- _TASK DIRECTIONS_
The entries that follow include a run beginning at the line with "ROVSUN 6000 BTU" and ending at the line with "Deckchair with Peruvian"; restate that run word for word and leave the rest out.

(Records excerpted from a collection)
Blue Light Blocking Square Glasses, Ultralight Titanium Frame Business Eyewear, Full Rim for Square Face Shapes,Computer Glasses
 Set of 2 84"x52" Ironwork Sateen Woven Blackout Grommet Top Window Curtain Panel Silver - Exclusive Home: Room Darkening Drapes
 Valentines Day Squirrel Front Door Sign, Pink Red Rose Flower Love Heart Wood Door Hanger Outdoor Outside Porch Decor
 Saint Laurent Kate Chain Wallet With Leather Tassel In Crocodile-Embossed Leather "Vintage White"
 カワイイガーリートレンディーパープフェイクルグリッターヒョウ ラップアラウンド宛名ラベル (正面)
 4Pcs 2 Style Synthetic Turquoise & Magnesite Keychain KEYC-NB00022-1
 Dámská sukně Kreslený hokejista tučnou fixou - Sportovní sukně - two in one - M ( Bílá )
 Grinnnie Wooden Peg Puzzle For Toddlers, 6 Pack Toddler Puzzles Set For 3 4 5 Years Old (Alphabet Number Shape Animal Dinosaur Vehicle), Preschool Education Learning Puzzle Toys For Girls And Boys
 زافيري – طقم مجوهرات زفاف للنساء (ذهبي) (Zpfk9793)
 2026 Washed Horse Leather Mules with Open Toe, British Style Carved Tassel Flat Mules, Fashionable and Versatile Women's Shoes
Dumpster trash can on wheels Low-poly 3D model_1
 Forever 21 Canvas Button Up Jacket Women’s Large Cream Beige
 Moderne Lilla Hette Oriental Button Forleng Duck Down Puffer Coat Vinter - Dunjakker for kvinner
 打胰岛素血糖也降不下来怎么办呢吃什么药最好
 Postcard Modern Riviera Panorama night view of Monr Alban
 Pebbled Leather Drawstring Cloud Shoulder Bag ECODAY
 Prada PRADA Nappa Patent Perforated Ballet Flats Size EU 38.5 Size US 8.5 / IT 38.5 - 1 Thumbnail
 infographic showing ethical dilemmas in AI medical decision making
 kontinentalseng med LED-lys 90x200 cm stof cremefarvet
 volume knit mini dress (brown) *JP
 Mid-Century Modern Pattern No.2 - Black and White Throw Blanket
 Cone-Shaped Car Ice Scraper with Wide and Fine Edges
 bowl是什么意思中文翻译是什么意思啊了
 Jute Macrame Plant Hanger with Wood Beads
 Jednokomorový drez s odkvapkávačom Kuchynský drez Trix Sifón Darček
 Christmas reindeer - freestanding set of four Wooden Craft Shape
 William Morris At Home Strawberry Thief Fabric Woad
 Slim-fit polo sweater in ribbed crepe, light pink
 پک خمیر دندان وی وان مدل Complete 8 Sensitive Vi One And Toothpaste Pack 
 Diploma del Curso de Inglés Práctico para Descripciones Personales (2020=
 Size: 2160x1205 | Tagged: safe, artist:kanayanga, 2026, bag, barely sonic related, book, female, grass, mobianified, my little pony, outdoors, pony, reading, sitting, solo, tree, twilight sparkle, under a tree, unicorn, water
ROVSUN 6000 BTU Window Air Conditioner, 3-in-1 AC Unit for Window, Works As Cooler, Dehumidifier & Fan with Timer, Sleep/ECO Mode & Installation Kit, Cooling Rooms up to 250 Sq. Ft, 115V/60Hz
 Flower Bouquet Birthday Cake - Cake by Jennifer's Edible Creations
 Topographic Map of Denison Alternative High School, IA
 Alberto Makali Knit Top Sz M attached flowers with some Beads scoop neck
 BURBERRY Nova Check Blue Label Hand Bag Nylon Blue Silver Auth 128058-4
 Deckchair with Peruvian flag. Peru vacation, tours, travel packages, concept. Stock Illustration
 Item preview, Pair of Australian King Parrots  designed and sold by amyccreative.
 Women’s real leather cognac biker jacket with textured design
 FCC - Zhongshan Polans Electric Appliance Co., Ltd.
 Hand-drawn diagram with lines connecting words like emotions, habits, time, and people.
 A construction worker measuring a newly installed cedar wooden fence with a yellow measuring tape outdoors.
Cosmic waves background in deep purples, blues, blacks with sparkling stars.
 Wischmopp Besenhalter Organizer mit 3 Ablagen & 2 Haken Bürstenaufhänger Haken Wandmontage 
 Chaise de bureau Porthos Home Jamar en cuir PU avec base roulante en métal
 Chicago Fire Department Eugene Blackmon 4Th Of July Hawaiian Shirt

- _TASK SOLUTION_
ROVSUN 6000 BTU Window Air Conditioner, 3-in-1 AC Unit for Window, Works As Cooler, Dehumidifier & Fan with Timer, Sleep/ECO Mode & Installation Kit, Cooling Rooms up to 250 Sq. Ft, 115V/60Hz
 Flower Bouquet Birthday Cake - Cake by Jennifer's Edible Creations
 Topographic Map of Denison Alternative High School, IA
 Alberto Makali Knit Top Sz M attached flowers with some Beads scoop neck
 BURBERRY Nova Check Blue Label Hand Bag Nylon Blue Silver Auth 128058-4
 Deckchair with Peruvian flag. Peru vacation, tours, travel packages, concept. Stock Illustration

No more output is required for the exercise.